Morgan Stanley's Monday note addressed delivery volume, paltry Model S and X sales and falling revenue while slashing EPS and automotive gross margins targets while calling into question the company's liquidity (or lack thereof) profile. 

"We expect the 45% YoY decline in 1Q Model S+X volume will largely continue throughout 2019, impacting mix, margin and cash flow. We mark to market our forecasts following disappointing 1Q deliveries and lower our target to $240. Reiterate Equal-weight," Morgan Stanley analyst Adam Jonas said in a note out this morning.

On delivery volume, the one-time Tesla fanboy said:

We have cut our total company full year 2019 delivery forecast to 344k units vs.362k units previously. We are now below the low end of Tesla’s 360k to 400k range. Over 100% of our delivery reduction is from Model S and X, which we now expect to average 14,800/quarter through the remainder of the year.

Jonas then lowered his revenue forecast by 7.5%:

Our 2019 total company revenue forecast falls 7.5% on the delivery revision, exacerbated by mix degradation from Model S and X declines. Our revised auto revenue forecast calls for a 3% YoY decline in both 3Q19 and 4Q19 revenue.

He also slashed automotive gross margin to 18.4% from 22.3%:

We have revised our 1Q19 US GAAP auto gross margin forecast to 18.4% from 22.3% previously. Going forward, we forecast US GAAP auto gross margin to improve to 20.9% in 2Q,21.9% in 3Q and 22.2% in 4Q.For the full year, our 2019 GAAP auto gross margin has been revised down 150bps to 21.1%. Our FY forecast includes slightly more than $400mm of ZEV (zero emission vehicle) credit revenue, which is worth 140bps of margin.

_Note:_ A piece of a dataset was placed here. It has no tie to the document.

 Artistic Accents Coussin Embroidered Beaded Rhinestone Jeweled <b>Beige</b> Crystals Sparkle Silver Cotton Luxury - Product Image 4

Finally, Jonas took an absolute hatchet to GAAP EPS estimates for the year, revising to a negative $6.55 from a negative $3.59:

FY19 US GAAP EPS revised to negative $6.55 from negative $3.59 previously. Our 2020 EPS forecast falls to $0.21 from $2.64 previously. Our 2025 EPS forecast falls to $14.78 from $15.88 previously.

In addition, the note addressed what Jonas believes could be "key changes to the narrative" that could send the stock lower, including concerns over the company's financial strength and whether or not the company has access to capital. 

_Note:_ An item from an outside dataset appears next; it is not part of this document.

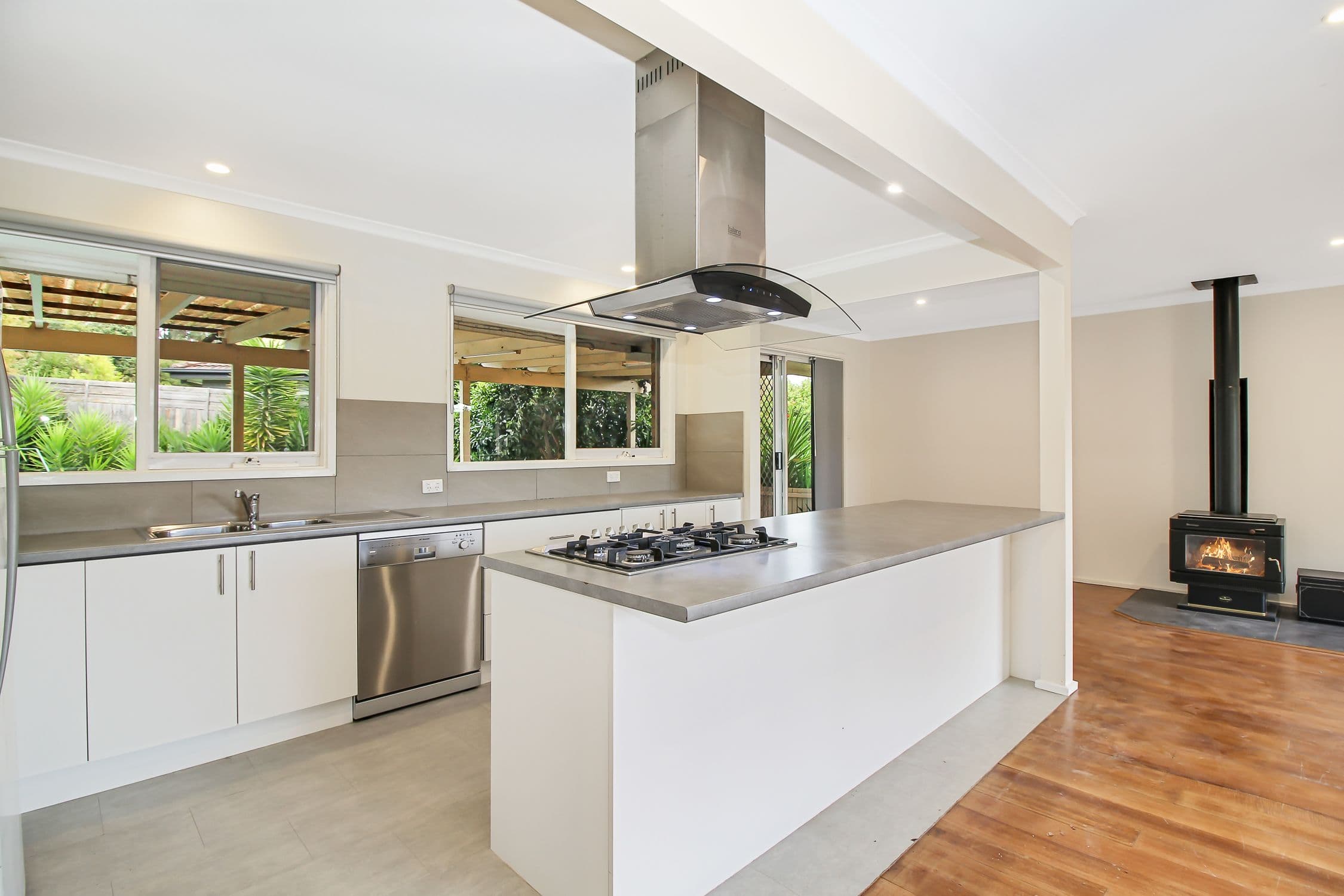 12 Shakespeare Avenue, Mooroolbark VIC 3138, Mooroolbark - Thumbnail 3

So just another downgrade? Why is any of this notable or material? Because back in April of 2018, we asked whether or not Musk would be the next high profile CEO to potentially face a margin call. We noted then that Musk’s loans were limited to 25% of the value of the pledged stock, a policy that seemingly did not exist when the 2017 proxy was issued. The figure we used for the value of Musk’s margin loans came from the registration statement for Tesla’s March 2017 stock sale, in which on p. S-9 it notes that he (at that time) owed a total of $624.3 million to various financial institutions, with the largest amount ($344.4 million) owed to Morgan Stanley.

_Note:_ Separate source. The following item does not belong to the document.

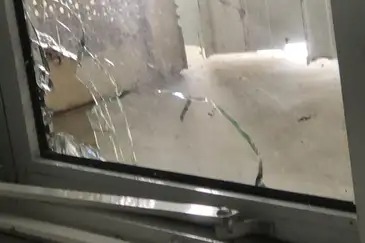 Vidro quebrado de janela atingida durante operação policial no Rio de Janeiro/Fogo Cruzado/Divulgação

We concluded that $232.30 could be a reasonable target for a Musk margin call:

"...if Musk owed $624.3 million over a year ago and subsequently paid interest on that loan while drawing a minimal salary ($49,920) and continuing his aforementioned luxurious lifestyle while pouring $100 million into his latest distraction, the Boring Companyit seems reasonable to guess that his current loans total approximately $800 million, which means—according to the new proxy—they’d need to be collateralized by $3.2 billion in Tesla shares. As the proxy notes Musk has currently pledged 13,774,897 of his 37,853,041 shares to support those loans, it implies that at a share price below $232.30 (assuming a current balance of $800 million), he’d face either a margin call or the need to post additional shares as collateral. (For some perspective, earlier this month the stock dipped as low as the $244s.)"

But for now, Tesla stock has still defied most analysts' pessimistic expectations of it, despite finally breaking below the $300 level.

What Morgan Stanley refers to as negative sentiment we just refer to as reality, and the cold hard facts are that if reality ever hits this company, analysts won't even matter at this point: it’s stock price may become a self fulfilling prophecy - in the wrong direction for Elon Musk.